What remains of that sector is but a shadow of its former scale, but is still a crucial sector. "It is the primary employer in remote rural areas in which alluvial diamond mining is conducted, and where existing unemployment levels are estimated to be as high as 80%," Niekerk explains. However, "The alluvial diamond mining industry has experienced steady decline since 2004 when the Mineral and Petroleum Resources Development Act (MPRDA) was implemented. At the time of the implementation of the MRDPA, there were 2,000 diamond miners employing some 25,000 people. Today that figure has plummeted to 180 small mining operators and a massacre of employment numbers to around 5,000." Prospecting right applications, largely made by entrepreneurs, local private operators and farmers, in the Northern Cape where the bulk of alluvial diamond mining takes place have fallen by 61% since 2013, leading to the growth of illegal operations. "Much of this on the back of ill-considered policy."

Mining Charter III, he writes, will precipitate further drastic decline of South Africa’s entrepreneurial miners and job losses in vulnerable rural communities. The policy overlooks the cost constraints and economic plight of junior diamond operators that cannot cover the additional burden of costly BEE deals, more onerous compliance requirements, unrealistic procurement obligations, enterprise development and employment equity by simply raising selling prices.
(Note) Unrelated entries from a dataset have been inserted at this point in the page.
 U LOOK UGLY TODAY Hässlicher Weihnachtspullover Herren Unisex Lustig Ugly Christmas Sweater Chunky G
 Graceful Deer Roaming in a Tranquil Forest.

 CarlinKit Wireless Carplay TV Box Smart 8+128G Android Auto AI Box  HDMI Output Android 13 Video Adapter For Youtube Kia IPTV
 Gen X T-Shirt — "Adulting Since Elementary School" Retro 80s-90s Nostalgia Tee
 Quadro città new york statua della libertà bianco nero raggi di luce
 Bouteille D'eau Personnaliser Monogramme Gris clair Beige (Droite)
He says the requirements of Mining Charter III and the recently tabled Implementation Guidelines (Dec 2018), aside from being impractical from a situational perspective, will further increase operating costs of mining operations, unsustainably so for junior operations. 

"The inevitable outcome will be the shutdown of operations and retrenchments in rural areas where there simply are no other prospects of decent employment. The downstream impact," he adds, "will also be significant – diamond traders, cutting and polishing industries, jewellery manufacturing and retail sales into global markets will be severely impacted. The collapse of entrepreneurial businesses that have been shut out of the large mining industry will be disastrous."
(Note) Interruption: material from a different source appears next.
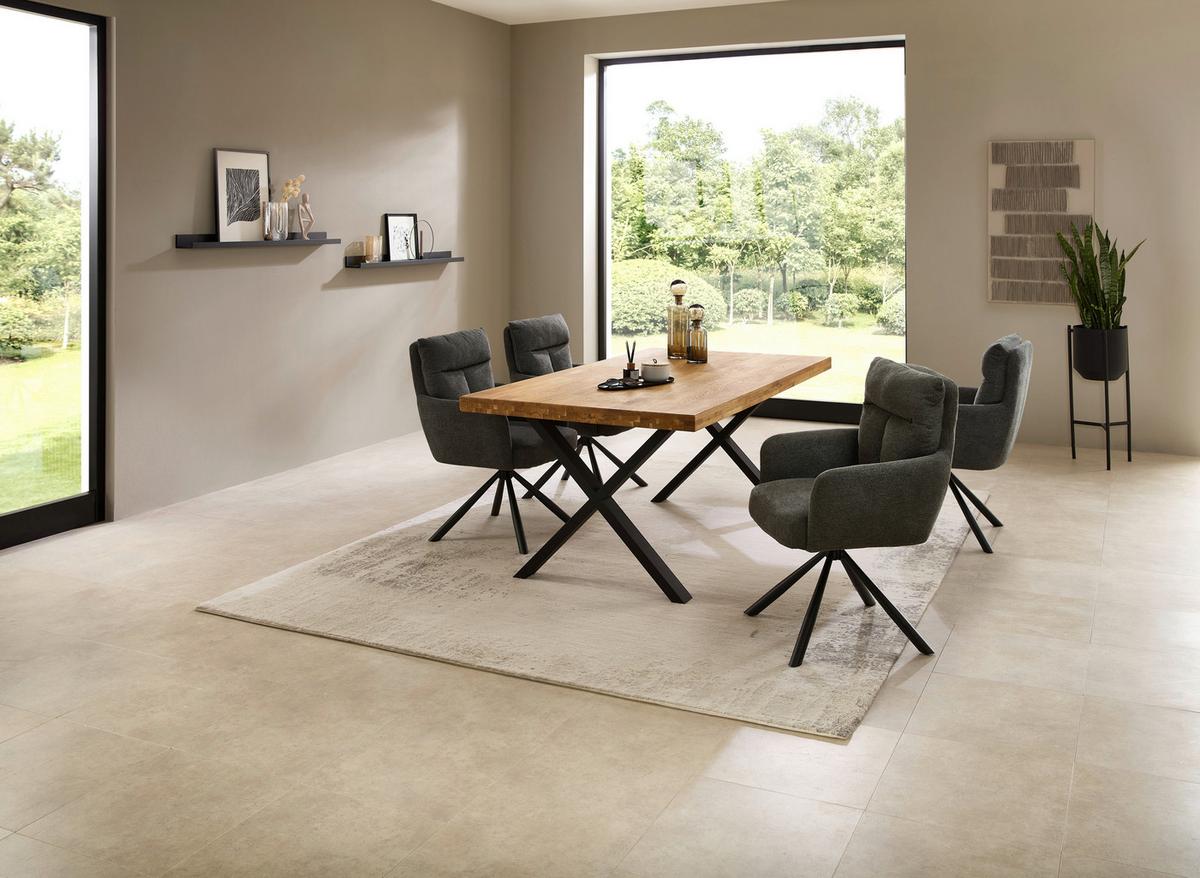 Esstisch Chris X 180x76x100 Cm Eiche/schwarz - Eichefarben/Schwarz, MODERN, Holz/Metall (180/100/76cm) - Livetastic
Niekerk concludes that the alluvial diamond industry "stands ready to be a driver of transformation and an incubator of black-owned and operated entrepreneurial mining businesses – but only if Mining Charter III policy makers recognise the fatal pitfalls of applying a ‘one-size fits all’ approach designed for a handful of large publicly-owned companies, to an industry dominated by small, privately-funded, entrepreneurial mining businesses. There is an urgent need for consultation between Government and the Junior mining industry to agree on amendments to Mining Charter III that will enhance and promote transformation and empowerment in the industry, and at the same time ensure that the Junior sector is able to survive and continue to play the vital role in SA’s broader minerals industry."